TASK: Restate, exactly and without pictures, the lines from the start of the listing below through the line holding "iPhone 16 Pro".

AVAILABLE DATA:
▼
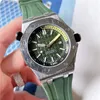 2022 Nouvelle montre pour hommes automatique quartz heure montre-bracelet en acier inoxydable bracelet en caoutchouc de haute qualité mode multifonction Waterpro2073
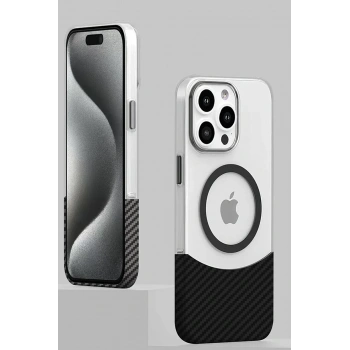 iPhone 16 Pro Carbon Puzzle Magsafe Kapak - Desert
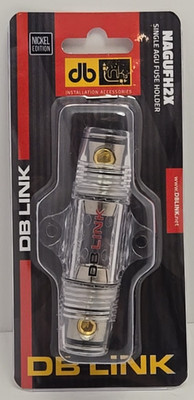 DB LINK: NAGUFH2X Single AGU Fuse Holder, Nickel Edition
▲
EXPECTED ANSWER:
 2022 Nouvelle montre pour hommes automatique quartz heure montre-bracelet en acier inoxydable bracelet en caoutchouc de haute qualité mode multifonction Waterpro2073
 iPhone 16 Pro Carbon Puzzle Magsafe Kapak - Desert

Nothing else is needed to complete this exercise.